Before the draft matured and was paid, however, the Delta Bank Trust Company failed in business, closed its doors and was taken over for liquidation by the state banking department, and the appellant was notified of that fact. The insolvency and suspension of business of the forwarding bank terminated whatever authority the appellant had or might have had to credit the proceeds of the draft as a payment on the debt due it by such bank, and since the appellant collected the draft and credited the proceeds to the debt of the defunct bank after notice of its insolvency and bankruptcy, we think the appellees, the owners of the draft, are entitled to recover from the appellant the amount so collected and credited.

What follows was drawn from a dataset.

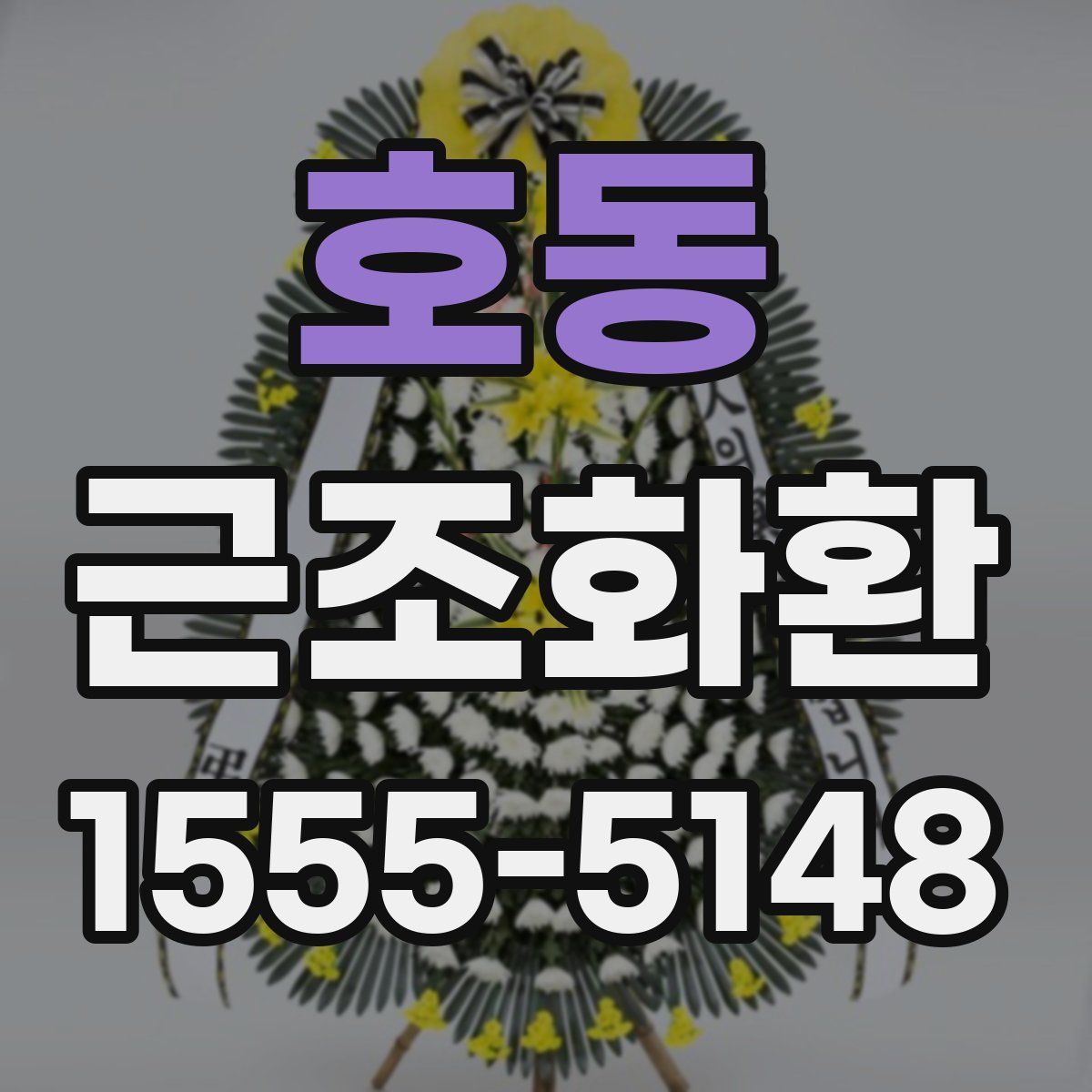 호동 근조화환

In discussing the effect of the insolvency and bankruptcy of a forwarding bank upon the agency of the *Page 828 collecting bank and its right to credit the proceeds of a draft to the account of the defunct bank, the supreme court of the United States, in the case of Old National Bank of Evansville v. German-American National Bank, 155 U.S. 556, 15 S.Ct. 221, 39 L.Ed. 259, said:

"The contention of the defendant is that it paid the moneys which it received to the party from which it received the draft, to-wit, the Fidelity Bank, which was the agent of the owner. It is not pretended that it ever forwarded to the Fidelity Bank the cash therefor, but the claim is that it credited such amount on the account of the Fidelity Bank, the Fidelity being at the time indebted to it, and that this is equivalent to an actual payment of money. The difficulty with this contention is that, at the time this credit was entered by the defendant, the Fidelity was not in a condition to receive credit or make any settlement; it was insolvent, and in the custody of the officers of the law. . . . At the time this examiner took possession the business of the bank stopped, and the authority of the directors and officers ceased. They could not thereafter make any settlement with the defendant to the prejudice of the rights of third parties."

In the case of Morris Co. v. Alabama Carbon Co., 139 Ala. 620, 36 So. 764, where the facts are very similar to those in the case at bar, the court said:

"The assignment of and cessation of business by the Commercial Bank of Selma, occurring previous to the collection of the draft, operated to terminate the agency of the bank, and to forestall whatever right defendants might, in the absence of those occurrences, have had to retain the proceeds of the draft as a payment of the debt due them by that bank, and the plaintiff, as the equitable owner of these proceeds, had the right to recover therefor as for money had and received to its use."

The decree of the court below will therefore be affirmed.